Task goal ->
Repeat the listing below exactly from the line with "عکس کالای خواب حسام" through its last line. Skip every picture.

Data provided ->
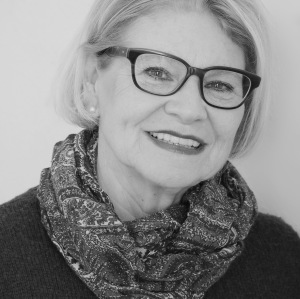 Profilbild von Brigitte Kippe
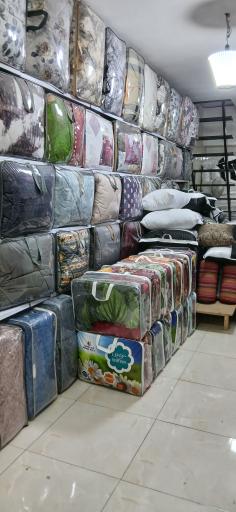 عکس کالای خواب حسام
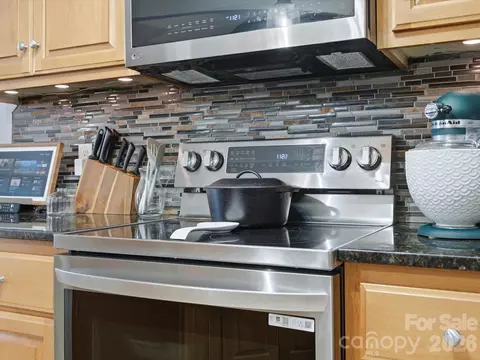 Kitchen - 705 Redah Ave, Locust, NC 28097 photo 5 of 9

Response to the task ->
 عکس کالای خواب حسام
 Kitchen - 705 Redah Ave, Locust, NC 28097 photo 5 of 9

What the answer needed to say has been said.